RS-HFIQのテストに使用したSDRソフトウェアは、HobbyPCB社のサポートホームページで提供されているディフォルトのHDSDR(High Definition Software Defined Radio)v2.7です。Windows PC上のHDSDRは、Omni-Rigを通信ポートとしてRS-HFIQのArduino NanoとCAT通信を行い、バンド設定やチューニングを行います。

HobbyPCB社からは、HDSDRとは別に「RS-HFIQ Control Panel」という名称のソフトウェアが提供されています。「RS-HFIQ Control Panel」もOmni-Rigを介してRS-HFIQのArduino Nanoと通信し、HDSDRからはアクセスできない内臓テスト機能を制御します。

まず、「RS-HFIQ Control Panel」の「Set BIT to LO Freq」ボタンをクリックして、HDSDRによって設定されたLO周波数(下図7,020kHz)をRS-HFIQに問い合わせ、取得したLO周波数をBIT周波数として設定します。

Reading the current LO frequency of the RS-HFIQ to the BIT frequency of the "RS-HFIQ Control Panel" software.

ここで、HDSDRのLO周波数を動かすチューニング動作を1回は行わないと、「RS-HFIQ Control Panel」にLOの値を読み込めない不具合がありました。

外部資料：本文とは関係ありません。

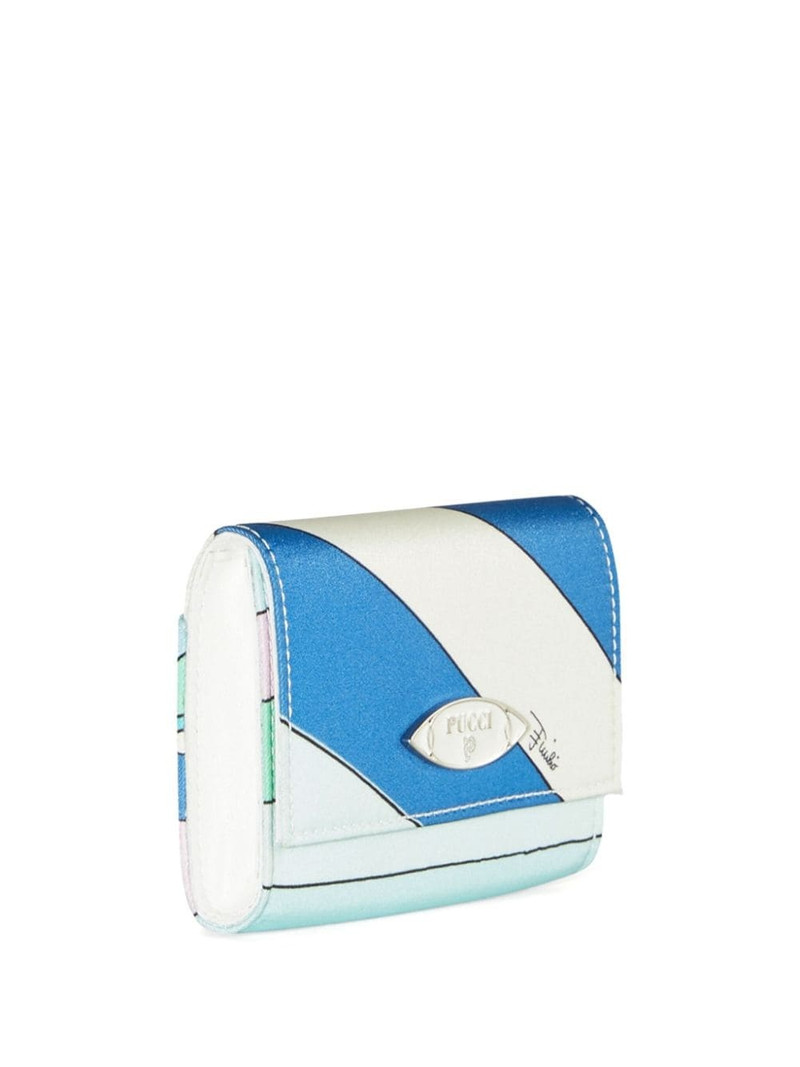 PUCCI Iride-print coin purse outlook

LOチューニングのイベントが必要なようです。チューニング動作を行わないと、CAT通信のLO問い合わせに返答する変数にLOの値が入らないイメージです。

次に、「Set BIT to LO Freq +1 kHz」ボタン、あるいは「Set BIT to LO Freq -1 kHz」ボタンをクリックして、LO ±1 kHz のBIT周波数を設定します。続いて「BIT ON」ボタンをクリックしてBIT信号をRS-HFIQの受信部に入力し、イメージを評価します。HDSDRにはIQバランス調整機能があるため、Options → Input Channel Calibration RX から下図の Channel Adjustment Panel (RX) を開き、IQ信号の振幅と位相差の微調整を行います。

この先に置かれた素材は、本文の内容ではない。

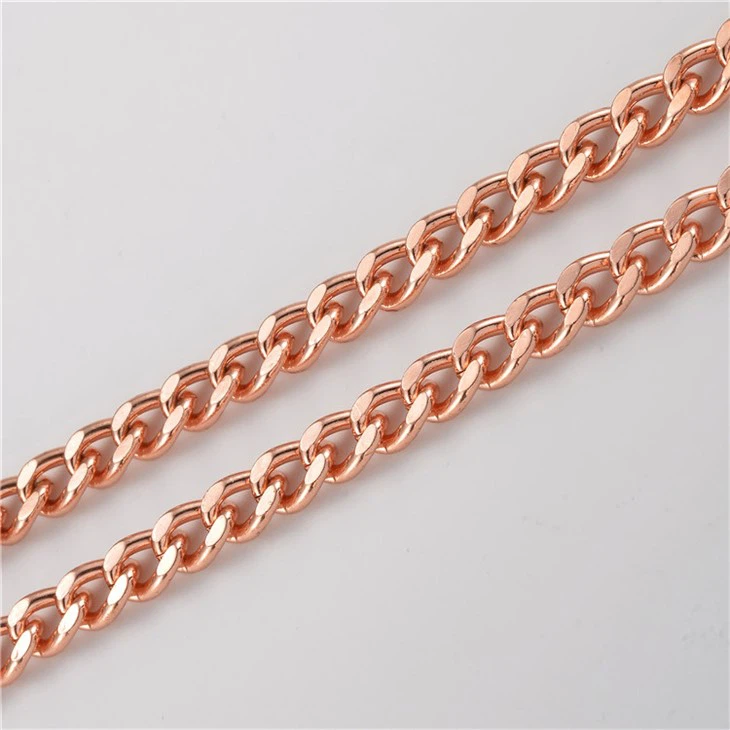 Metal Handbag Chain Wallet Straps With Chain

Channel Adjustment Panel (RX) on the HDSDR.

IQバランス調整

IQバランス調整前

LO +1 kHz(7,021kHz)のBIT信号を入力し、LSBのイメージを評価しました。無調整の状態でイメージ抑圧は43dBでした。

LSB image evaluation result with LO +1 kHz BIT signal input.

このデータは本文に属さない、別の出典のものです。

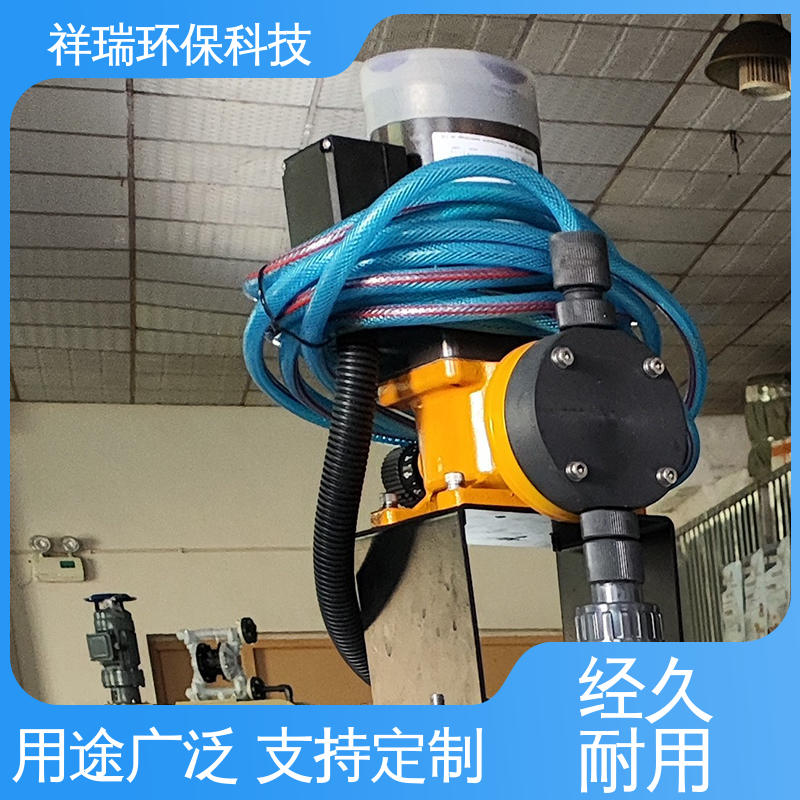 米德瑞 MR型 水处理加药泵 结构紧凑 重量轻 计量输送准确率高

LO -1 kHz(7,019kHz)のBIT信号を入力し、USBのイメージを評価しました。無調整の状態でイメージ抑圧は39dBでした。

USB image evaluation result with LO -1 kHz BIT signal input.

40mバンドに関しては、SSBよりFT8運用時のイメージノイズが4dBだけ大きいという結果になりました。

IQバランス調整後

USB とLSBのイメージ抑圧のバランスを取るのが難しく、USB側も43dBの抑圧に持って行くのが限界でした。

USB image evaluation result with LO -1 kHz BIT signal input after IQ balance adjustment.

USB とLSBの片側だけを優先するなら、さらにイメージ抑圧を測ることが可能との感触を得ました。その場合は、バンドおよびモード毎にIQバランス調整値を持つ必要があります。あるいは、バンドあるいはモード切換毎にIQバランス自動調整機能がバックグランドで働くことが理想的と思います。

 

IQバランス調整はRS-HFIQ側の機能ではサポートされていないため、SDRソフト側で対応する必要があります。Keith's SDRに関しては、フォーラムおよびソースコードを検索しましたが、「IQバランス」に関する話題やコードを見つけるには至っていません。既報の通り、コーディックの不具合に起因するTwin Peaks問題に対しては自動位相調整機能が実装されています。IQゲイン調整機能は見つかっていません。3dB程度のアンバランスは優先度の高い課題にはなっていないと思われます。